- Exercise data -
* * *
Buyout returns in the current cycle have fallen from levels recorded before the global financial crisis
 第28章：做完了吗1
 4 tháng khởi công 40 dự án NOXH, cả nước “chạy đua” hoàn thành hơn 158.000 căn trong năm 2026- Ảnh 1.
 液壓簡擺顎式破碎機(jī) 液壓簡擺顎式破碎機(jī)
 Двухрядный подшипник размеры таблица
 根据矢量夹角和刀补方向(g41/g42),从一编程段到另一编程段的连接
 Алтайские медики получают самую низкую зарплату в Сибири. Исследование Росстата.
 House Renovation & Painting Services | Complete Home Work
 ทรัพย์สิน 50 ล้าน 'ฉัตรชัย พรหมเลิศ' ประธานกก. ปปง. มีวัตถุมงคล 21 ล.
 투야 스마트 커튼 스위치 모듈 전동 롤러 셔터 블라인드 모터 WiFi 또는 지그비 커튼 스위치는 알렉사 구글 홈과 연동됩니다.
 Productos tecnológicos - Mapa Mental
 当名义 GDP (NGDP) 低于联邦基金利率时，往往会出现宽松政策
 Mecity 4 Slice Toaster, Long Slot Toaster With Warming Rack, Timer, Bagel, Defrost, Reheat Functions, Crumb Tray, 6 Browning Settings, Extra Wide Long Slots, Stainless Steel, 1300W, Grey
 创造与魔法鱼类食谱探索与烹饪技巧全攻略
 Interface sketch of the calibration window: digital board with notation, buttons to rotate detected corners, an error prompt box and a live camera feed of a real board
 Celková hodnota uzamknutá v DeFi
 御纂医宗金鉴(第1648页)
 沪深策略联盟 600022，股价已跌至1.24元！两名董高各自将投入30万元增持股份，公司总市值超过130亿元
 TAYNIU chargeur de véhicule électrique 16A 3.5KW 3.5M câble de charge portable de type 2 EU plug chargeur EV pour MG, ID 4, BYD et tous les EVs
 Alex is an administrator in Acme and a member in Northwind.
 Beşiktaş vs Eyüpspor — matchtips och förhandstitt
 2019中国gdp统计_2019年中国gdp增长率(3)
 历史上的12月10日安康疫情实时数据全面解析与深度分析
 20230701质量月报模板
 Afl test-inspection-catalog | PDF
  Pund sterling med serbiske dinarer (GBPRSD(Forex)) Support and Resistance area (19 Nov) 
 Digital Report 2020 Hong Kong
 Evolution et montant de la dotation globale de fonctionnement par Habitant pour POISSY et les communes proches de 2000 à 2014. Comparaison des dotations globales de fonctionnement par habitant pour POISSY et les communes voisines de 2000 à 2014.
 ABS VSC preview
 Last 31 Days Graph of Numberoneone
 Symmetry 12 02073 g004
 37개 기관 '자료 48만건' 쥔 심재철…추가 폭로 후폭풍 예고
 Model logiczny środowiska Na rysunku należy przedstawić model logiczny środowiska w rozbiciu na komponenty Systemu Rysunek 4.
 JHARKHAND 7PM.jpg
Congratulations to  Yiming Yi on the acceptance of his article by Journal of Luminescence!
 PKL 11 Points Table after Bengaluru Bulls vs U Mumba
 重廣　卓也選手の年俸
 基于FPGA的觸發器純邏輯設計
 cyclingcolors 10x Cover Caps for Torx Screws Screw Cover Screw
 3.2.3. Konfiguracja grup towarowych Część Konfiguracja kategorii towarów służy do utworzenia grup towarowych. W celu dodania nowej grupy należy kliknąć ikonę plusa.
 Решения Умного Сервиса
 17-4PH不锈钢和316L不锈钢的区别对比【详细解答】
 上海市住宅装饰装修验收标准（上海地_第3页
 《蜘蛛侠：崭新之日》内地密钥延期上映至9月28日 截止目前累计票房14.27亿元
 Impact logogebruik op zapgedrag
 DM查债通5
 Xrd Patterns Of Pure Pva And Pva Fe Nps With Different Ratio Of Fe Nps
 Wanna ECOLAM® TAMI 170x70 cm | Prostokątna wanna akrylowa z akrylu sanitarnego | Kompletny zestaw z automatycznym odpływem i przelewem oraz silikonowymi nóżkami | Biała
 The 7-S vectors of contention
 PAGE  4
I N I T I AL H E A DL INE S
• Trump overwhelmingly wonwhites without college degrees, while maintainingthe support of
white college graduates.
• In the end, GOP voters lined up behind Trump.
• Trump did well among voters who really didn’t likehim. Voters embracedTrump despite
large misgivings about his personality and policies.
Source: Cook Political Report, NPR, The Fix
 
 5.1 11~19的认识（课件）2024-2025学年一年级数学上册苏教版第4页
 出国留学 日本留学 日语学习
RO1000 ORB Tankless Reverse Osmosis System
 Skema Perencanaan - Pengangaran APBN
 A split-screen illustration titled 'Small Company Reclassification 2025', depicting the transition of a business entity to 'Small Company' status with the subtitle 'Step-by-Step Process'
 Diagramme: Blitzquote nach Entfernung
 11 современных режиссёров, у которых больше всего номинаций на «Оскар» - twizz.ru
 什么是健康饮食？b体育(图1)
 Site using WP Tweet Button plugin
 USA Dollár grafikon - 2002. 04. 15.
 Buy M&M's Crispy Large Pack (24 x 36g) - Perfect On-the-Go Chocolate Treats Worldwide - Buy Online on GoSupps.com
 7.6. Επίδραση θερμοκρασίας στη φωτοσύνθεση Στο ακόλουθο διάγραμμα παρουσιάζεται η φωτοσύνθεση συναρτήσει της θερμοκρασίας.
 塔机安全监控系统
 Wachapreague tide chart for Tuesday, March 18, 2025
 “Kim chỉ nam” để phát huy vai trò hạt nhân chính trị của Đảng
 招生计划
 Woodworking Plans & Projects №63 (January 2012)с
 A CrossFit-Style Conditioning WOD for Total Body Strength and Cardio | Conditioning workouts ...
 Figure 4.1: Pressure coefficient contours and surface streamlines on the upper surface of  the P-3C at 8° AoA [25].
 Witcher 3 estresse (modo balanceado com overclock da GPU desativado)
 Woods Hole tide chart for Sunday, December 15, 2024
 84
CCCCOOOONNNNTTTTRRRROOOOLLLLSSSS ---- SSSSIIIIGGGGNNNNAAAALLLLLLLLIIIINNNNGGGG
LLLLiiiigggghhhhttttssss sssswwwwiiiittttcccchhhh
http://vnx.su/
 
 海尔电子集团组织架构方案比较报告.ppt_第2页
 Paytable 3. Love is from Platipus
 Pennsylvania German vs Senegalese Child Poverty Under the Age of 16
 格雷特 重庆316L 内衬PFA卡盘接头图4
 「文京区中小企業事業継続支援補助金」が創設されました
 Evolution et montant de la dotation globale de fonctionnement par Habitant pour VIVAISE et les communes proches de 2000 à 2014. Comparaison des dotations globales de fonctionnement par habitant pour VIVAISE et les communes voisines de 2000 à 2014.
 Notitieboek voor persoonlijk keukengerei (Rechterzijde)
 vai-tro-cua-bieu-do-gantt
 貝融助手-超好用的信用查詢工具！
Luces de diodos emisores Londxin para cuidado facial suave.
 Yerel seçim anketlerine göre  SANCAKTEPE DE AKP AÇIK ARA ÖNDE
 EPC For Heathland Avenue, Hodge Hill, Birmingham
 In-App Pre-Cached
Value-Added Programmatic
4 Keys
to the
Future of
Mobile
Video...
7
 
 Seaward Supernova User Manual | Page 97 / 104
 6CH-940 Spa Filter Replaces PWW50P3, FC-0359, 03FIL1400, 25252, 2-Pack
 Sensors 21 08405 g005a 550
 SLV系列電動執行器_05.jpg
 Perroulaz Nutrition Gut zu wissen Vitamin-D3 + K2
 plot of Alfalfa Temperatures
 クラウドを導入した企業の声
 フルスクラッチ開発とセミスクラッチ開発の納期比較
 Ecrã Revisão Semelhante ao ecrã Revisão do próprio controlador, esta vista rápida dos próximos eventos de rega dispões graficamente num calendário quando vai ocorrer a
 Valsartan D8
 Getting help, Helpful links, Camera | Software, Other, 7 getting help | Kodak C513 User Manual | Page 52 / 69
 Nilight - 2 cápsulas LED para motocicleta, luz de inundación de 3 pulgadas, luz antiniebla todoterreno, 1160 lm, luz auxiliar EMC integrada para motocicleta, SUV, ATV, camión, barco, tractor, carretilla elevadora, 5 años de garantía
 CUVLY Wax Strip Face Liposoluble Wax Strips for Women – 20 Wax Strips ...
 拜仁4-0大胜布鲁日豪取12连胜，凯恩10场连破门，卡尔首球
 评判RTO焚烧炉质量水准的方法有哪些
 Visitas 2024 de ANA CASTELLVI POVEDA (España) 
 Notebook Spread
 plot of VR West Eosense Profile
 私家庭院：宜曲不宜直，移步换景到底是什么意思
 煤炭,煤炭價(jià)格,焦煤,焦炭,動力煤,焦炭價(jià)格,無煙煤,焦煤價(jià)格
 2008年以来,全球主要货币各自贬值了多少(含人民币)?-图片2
* * *
Going down from the first line of the entries above, restate each line word for word until the line holding "根据矢量夹角和刀补方向(g41/g42),从一编程段到另一编程段的连接" is done.

- Reply -
Buyout returns in the current cycle have fallen from levels recorded before the global financial crisis
 第28章：做完了吗1
 4 tháng khởi công 40 dự án NOXH, cả nước “chạy đua” hoàn thành hơn 158.000 căn trong năm 2026- Ảnh 1.
 液壓簡擺顎式破碎機(jī) 液壓簡擺顎式破碎機(jī)
 Двухрядный подшипник размеры таблица
 根据矢量夹角和刀补方向(g41/g42),从一编程段到另一编程段的连接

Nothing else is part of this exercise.